PROBLEM DETAILS: Range to reproduce from the entries below: the line with "In this way, you", the line with "Here on the", and every line in between. Give them exactly and give nothing else.
--- START ---
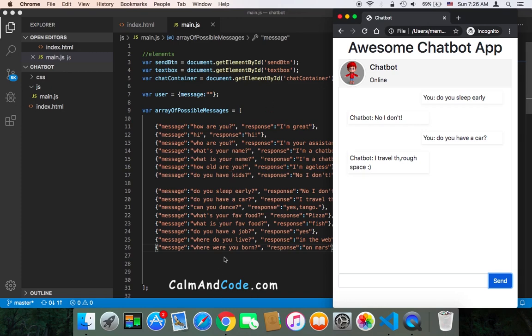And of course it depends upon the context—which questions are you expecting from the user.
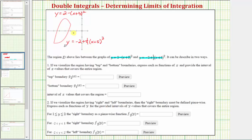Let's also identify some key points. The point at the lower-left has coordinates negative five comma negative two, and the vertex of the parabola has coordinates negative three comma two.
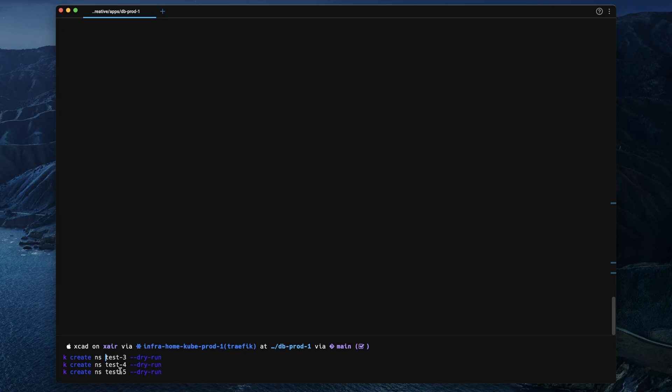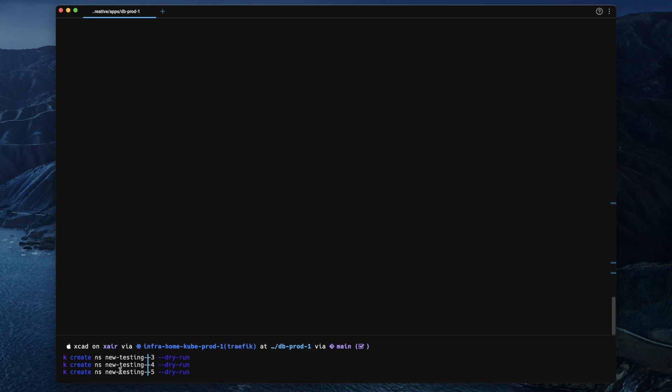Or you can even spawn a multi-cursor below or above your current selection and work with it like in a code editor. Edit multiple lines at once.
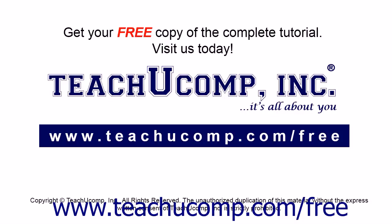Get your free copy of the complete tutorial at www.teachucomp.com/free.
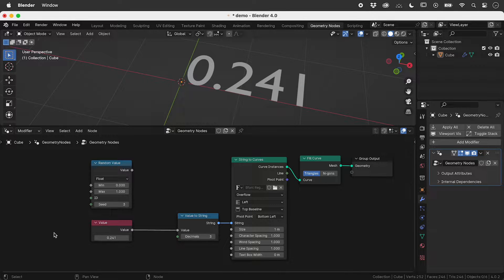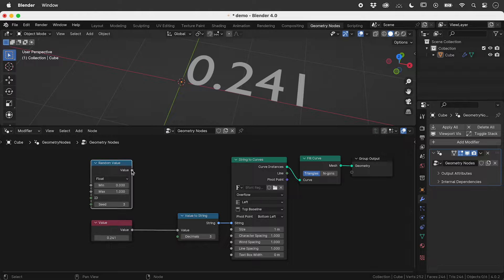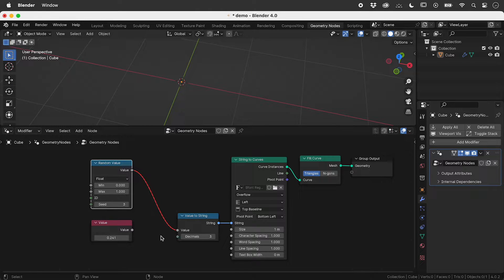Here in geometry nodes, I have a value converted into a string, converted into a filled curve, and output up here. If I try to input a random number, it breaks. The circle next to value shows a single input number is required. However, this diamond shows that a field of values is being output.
--- END ---
--- START ---
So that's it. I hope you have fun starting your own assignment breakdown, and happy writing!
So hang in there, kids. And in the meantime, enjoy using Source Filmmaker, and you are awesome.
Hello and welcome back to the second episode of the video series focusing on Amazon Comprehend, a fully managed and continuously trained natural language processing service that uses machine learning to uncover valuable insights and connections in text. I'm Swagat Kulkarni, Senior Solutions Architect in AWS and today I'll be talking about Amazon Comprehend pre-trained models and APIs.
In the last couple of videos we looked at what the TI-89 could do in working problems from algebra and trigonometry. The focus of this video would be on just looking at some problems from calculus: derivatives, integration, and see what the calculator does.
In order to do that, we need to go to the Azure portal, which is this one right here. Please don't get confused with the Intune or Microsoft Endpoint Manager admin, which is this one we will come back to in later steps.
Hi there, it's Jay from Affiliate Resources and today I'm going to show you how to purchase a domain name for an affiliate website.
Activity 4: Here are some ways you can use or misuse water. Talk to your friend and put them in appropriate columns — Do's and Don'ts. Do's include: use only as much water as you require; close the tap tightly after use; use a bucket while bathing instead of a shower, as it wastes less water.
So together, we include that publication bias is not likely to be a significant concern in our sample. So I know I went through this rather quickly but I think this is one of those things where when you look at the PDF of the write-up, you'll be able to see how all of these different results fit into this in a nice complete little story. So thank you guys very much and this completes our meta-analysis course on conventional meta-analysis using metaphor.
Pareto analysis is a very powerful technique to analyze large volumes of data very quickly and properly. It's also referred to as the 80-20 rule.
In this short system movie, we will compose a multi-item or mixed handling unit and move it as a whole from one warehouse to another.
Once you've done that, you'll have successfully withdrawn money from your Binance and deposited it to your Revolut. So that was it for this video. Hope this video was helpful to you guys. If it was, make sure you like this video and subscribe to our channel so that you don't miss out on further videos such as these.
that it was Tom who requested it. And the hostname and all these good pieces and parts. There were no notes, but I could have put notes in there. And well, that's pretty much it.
--- END ---
--- START ---
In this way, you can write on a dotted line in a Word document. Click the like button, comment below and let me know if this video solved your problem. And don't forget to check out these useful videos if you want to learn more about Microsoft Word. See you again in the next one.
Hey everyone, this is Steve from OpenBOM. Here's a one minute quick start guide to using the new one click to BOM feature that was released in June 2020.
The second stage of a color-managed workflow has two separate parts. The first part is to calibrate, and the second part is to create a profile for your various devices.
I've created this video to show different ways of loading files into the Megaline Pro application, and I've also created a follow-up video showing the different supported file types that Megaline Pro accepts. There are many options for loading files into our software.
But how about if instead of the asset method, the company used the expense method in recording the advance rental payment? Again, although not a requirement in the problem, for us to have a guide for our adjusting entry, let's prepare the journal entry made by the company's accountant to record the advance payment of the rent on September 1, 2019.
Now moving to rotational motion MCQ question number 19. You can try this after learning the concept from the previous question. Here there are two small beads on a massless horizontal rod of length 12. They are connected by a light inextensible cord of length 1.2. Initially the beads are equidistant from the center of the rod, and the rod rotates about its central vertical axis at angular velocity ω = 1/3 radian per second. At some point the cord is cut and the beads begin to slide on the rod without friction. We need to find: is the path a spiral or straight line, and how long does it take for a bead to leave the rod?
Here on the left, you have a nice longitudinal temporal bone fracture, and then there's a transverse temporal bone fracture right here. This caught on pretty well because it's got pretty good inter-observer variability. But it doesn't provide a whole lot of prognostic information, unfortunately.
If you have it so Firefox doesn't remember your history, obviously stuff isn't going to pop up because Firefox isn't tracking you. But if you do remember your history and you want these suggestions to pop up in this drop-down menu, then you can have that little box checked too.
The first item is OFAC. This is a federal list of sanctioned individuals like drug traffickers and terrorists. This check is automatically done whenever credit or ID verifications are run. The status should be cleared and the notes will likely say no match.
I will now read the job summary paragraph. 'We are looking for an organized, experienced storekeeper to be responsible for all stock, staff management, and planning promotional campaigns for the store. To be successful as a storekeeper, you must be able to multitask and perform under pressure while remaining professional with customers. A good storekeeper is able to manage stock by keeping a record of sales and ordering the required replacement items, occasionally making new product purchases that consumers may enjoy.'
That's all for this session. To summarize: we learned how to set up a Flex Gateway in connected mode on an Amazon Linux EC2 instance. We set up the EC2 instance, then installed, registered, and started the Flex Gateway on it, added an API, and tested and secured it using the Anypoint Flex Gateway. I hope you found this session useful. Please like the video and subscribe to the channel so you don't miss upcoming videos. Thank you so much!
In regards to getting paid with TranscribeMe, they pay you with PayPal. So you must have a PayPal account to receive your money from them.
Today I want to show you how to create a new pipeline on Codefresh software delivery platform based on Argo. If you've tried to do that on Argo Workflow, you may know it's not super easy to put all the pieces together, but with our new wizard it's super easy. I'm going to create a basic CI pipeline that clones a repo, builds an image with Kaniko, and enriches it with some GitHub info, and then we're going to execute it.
--- END ---
ANSWER SPACE:
In this way, you can write on a dotted line in a Word document. Click the like button, comment below and let me know if this video solved your problem. And don't forget to check out these useful videos if you want to learn more about Microsoft Word. See you again in the next one.
Hey everyone, this is Steve from OpenBOM. Here's a one minute quick start guide to using the new one click to BOM feature that was released in June 2020.
The second stage of a color-managed workflow has two separate parts. The first part is to calibrate, and the second part is to create a profile for your various devices.
I've created this video to show different ways of loading files into the Megaline Pro application, and I've also created a follow-up video showing the different supported file types that Megaline Pro accepts. There are many options for loading files into our software.
But how about if instead of the asset method, the company used the expense method in recording the advance rental payment? Again, although not a requirement in the problem, for us to have a guide for our adjusting entry, let's prepare the journal entry made by the company's accountant to record the advance payment of the rent on September 1, 2019.
Now moving to rotational motion MCQ question number 19. You can try this after learning the concept from the previous question. Here there are two small beads on a massless horizontal rod of length 12. They are connected by a light inextensible cord of length 1.2. Initially the beads are equidistant from the center of the rod, and the rod rotates about its central vertical axis at angular velocity ω = 1/3 radian per second. At some point the cord is cut and the beads begin to slide on the rod without friction. We need to find: is the path a spiral or straight line, and how long does it take for a bead to leave the rod?
Here on the left, you have a nice longitudinal temporal bone fracture, and then there's a transverse temporal bone fracture right here. This caught on pretty well because it's got pretty good inter-observer variability. But it doesn't provide a whole lot of prognostic information, unfortunately.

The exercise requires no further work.